● **EXERCISE DIRECTIONS**
Once you find the line with "BLK ED Network\u2019s Holiday Party 2025" in the data below, transcribe exactly each line from there to the line with "Catene da neve", inclusive, and nothing else. Drop the pictures.

● **PROVIDED DATA**
......
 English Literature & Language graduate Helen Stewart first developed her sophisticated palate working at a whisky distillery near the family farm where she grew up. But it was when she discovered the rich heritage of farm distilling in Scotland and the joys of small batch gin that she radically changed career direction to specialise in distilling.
......
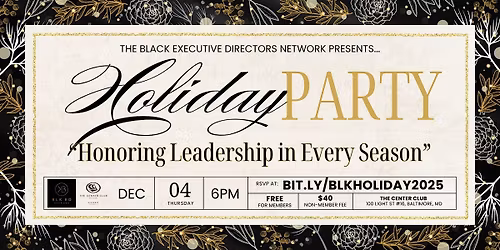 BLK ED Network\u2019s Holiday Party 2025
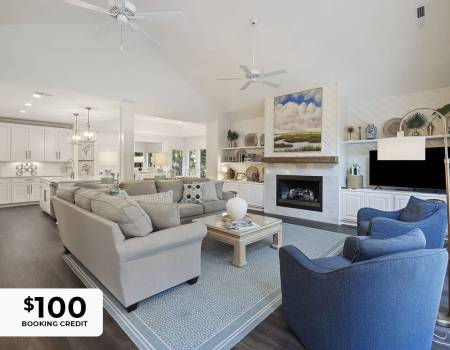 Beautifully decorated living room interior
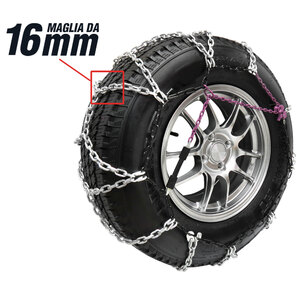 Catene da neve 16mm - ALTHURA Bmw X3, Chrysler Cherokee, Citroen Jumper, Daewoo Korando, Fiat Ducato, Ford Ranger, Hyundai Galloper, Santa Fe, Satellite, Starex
......
● **RESULT**
 BLK ED Network\u2019s Holiday Party 2025
 Beautifully decorated living room interior
 Catene da neve 16mm - ALTHURA Bmw X3, Chrysler Cherokee, Citroen Jumper, Daewoo Korando, Fiat Ducato, Ford Ranger, Hyundai Galloper, Santa Fe, Satellite, Starex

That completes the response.